Action item: Give back the data below word for word. Any image in it should be left out.

Provided material:
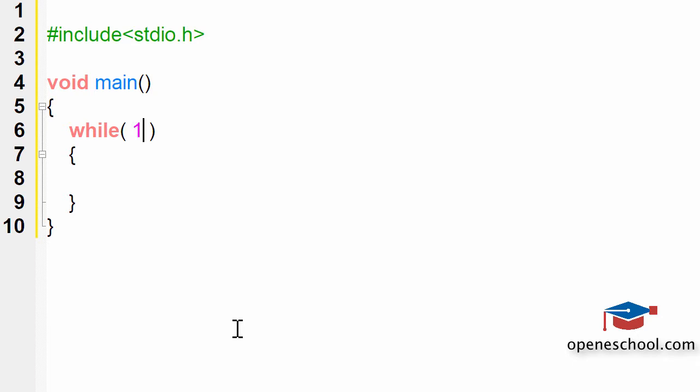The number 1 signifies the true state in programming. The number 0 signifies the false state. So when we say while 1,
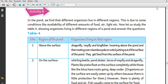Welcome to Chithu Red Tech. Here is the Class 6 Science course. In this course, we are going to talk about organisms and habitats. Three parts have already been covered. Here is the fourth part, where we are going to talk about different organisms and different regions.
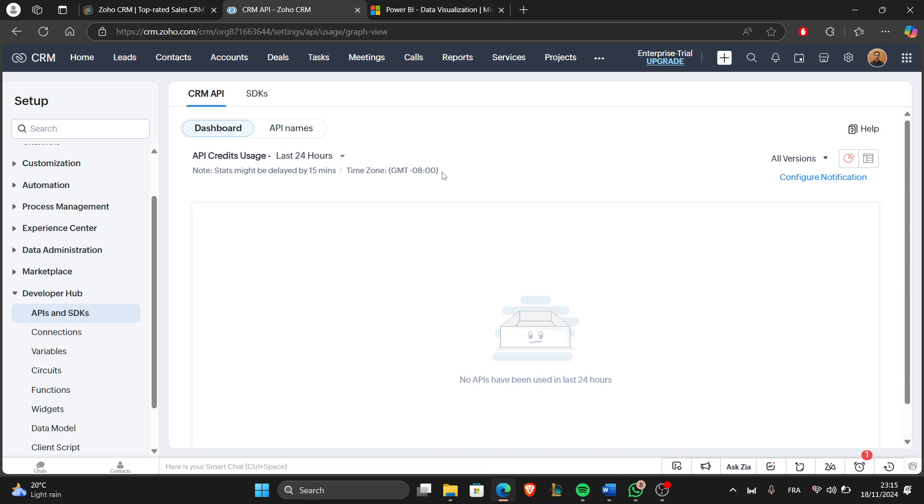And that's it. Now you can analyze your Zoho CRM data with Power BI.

Task solution:
The number 1 signifies the true state in programming. The number 0 signifies the false state. So when we say while 1,
Welcome to Chithu Red Tech. Here is the Class 6 Science course. In this course, we are going to talk about organisms and habitats. Three parts have already been covered. Here is the fourth part, where we are going to talk about different organisms and different regions.
And that's it. Now you can analyze your Zoho CRM data with Power BI.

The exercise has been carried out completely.